Rifiuta ogni eccesso e rispetta il “giusto equilibrio”

Inconsciamente convinti che ogni volta che una situazione si sviluppa fino alle sue estreme conseguenze, essa sia costretta a invertire il proprio corso trasformandosi nel proprio opposto, gli orientali sono amanti della dottrina che possiamo definire “Aurea mediocritas”, che rifiuta ogni eccesso e invita a rispettare il “giusto equilibrio”. Meglio avere poco che avere troppo, ed è meglio lasciare un’opera incompiuta che compierla in eccesso: forse in questo modo non si va lontano, però si è sicuri di andare nella direzione giusta. Il tocco supremo dell’artista è sapere quando fermarsi.

In questo strano universo dell’irrisolto e dell’asimmetrico, la bellezza è equilibrio fra esteriore e interiore, non è perfezione di forma ma armonia, anche inconscia. E il gesto del creare è spesso più importante dell’opera creata. Non viene particolarmente esaltata l’estetica finale, ma soprattutto lo sforzo dell’artista e la sua dedizione e umiltà nei confronti del proposito.

Anche copiare va bene se nell’atto del duplicare c’è rispetto e tensione verso l’apprendimento. La tradizione confuciana celebra l’imitazione come adulazione e come un benevolo omaggio verso l’artista originale, segno di devozione e reverenza.

La storia dell’arte in Cina reca proprio questa impronta e in effetti quella che consideriamo la civiltà più antica del mondo ha lasciato ben poco di “antico” nel senso in cui lo intendiamo noi, essendo così concentrata sulla duplicazione più che sulla creazione. Non per niente, applicando il concetto all’economia e alla società contemporanea, può essere considerato un atto di stima e di ammirazione nei confronti della produzione mondiale quella spudorata contraffazione e falsificazione dei prodotti originali, perpetrata da una parte dell’Asia orientale, Cina in testa.

Imitazione e copia sono forme di devozione.
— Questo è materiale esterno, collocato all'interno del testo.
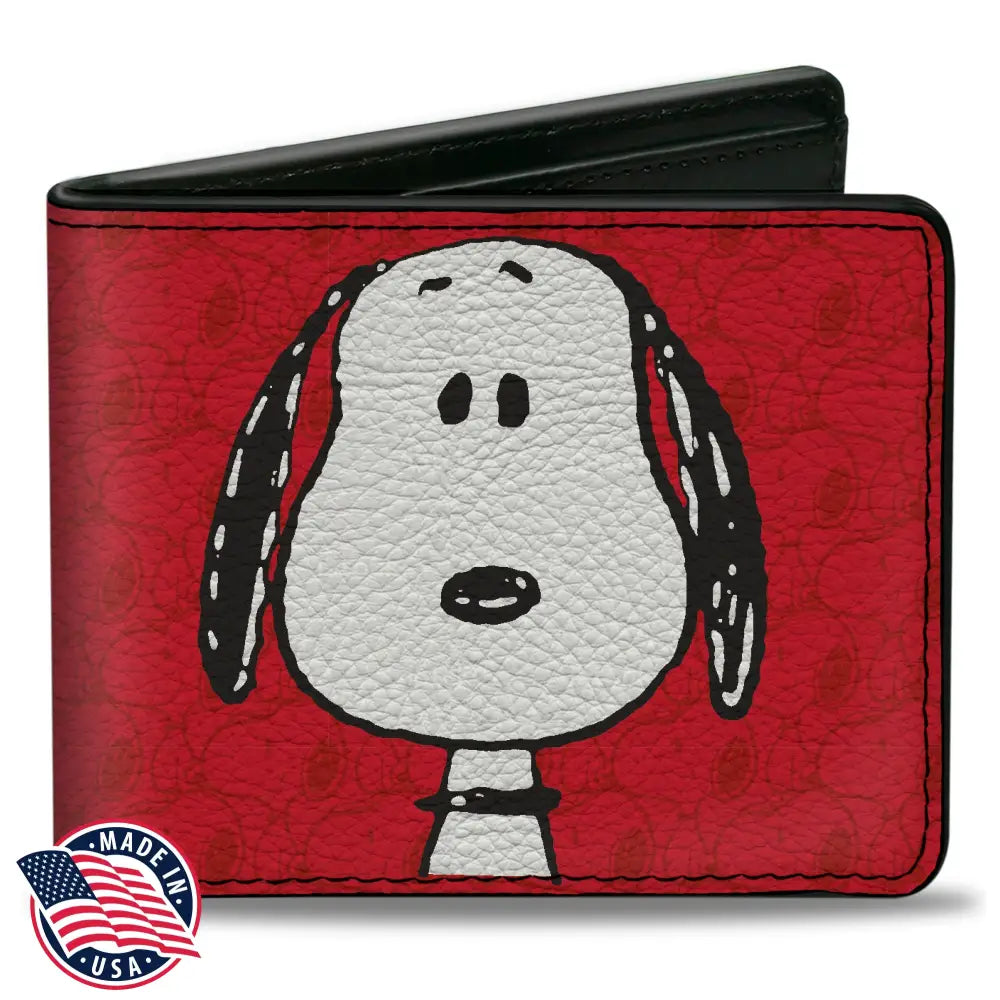 Bi-Fold Wallet - Peanuts Snoopy Face and Profile Pose Reds Bi-Fold Wallets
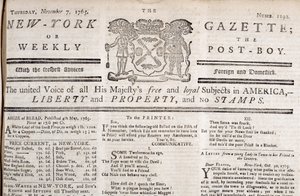 Tiráž New York Gazette vyjadřující svůj odpor ke známkám, vytištěno 7. listopadu 1765 (tisk) od American School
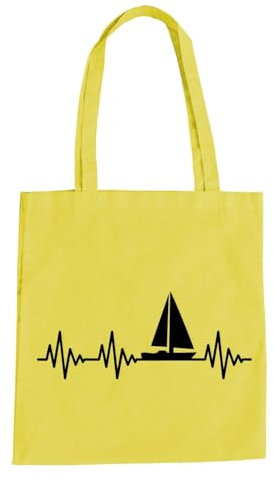 Herzschlag Segelboot Baumwolltasche - Ekg Segelyacht Boot Schiff Hafen Wasser Gelb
Questo porta noi occidentali all’esasperazione, a urlare al ladrocinio delle proprietà intellettuali, non essendo noi, come dice Fosco Maraini, “imbevuti di quell’olio confuciano necessario a lubrificare le ruote della convivenza civile”, non vediamo che dietro alla cannibalizzazione e al plagio c’è, in un certo senso, acclamazione e lode, espressione artistica e manifatturiera di un intero popolo che, nella sua faziosa inconsapevolezza, non percepisce quel misfatto sotto forma di fraudolento e sleale opportunismo commerciale, ma come devozione e reverenza.

Paul Valenti

Paul Valenti

Piemontese di nascita e, malgrado le raccomandazioni di chi mi diceva “Gira pure il mondo ma non uscire mai dall’Italia”, dal 1995 residente in Vietnam, confine ultimo dell’intangibile logica orientale, dove ho avviato alcuni ristoranti italiani, consuete zattere di sopravvivenza per italici in cerca di fortuna o in fuga da se stessi.

2 commenti

  1. Grazie P. Valenti. Riflessioni stimolanti. Mi permetto solo di osservare che sarebbe più opportuno non usare un’espressione come “fatalismo” riferita allo Zen. Un modo d’essere a cui è estraneo un termine simile.
    Da parte mia consiglio di leggere il discorso di Kawabata Yasunari all’assegnazione del Nobel nel 1968, dal titolo emblematico: Il Giappone, la bellezza e io. Lo si può trovare in “Racconti in un palmo di mano” edizioni Marsilio.
    Un altro autore che è riuscito a intuire il senso della bellezza giapponese è Igort nelle due graphic novel Quaderni Giapponesi, ed. Oblomov.

    • Grazie per il commento e per le interessantissime citazioni, Roberto.
      In effetti, il termine “fatalismo” poco si associa allo Zen. Forse questo vocabolo può indirizzare la nostra rappresentazione mentale verso una parte della sua essenza, ma mi rendo conto che può essere fuorviante… Complimenti per la sensibilità e grazie per la precisazione.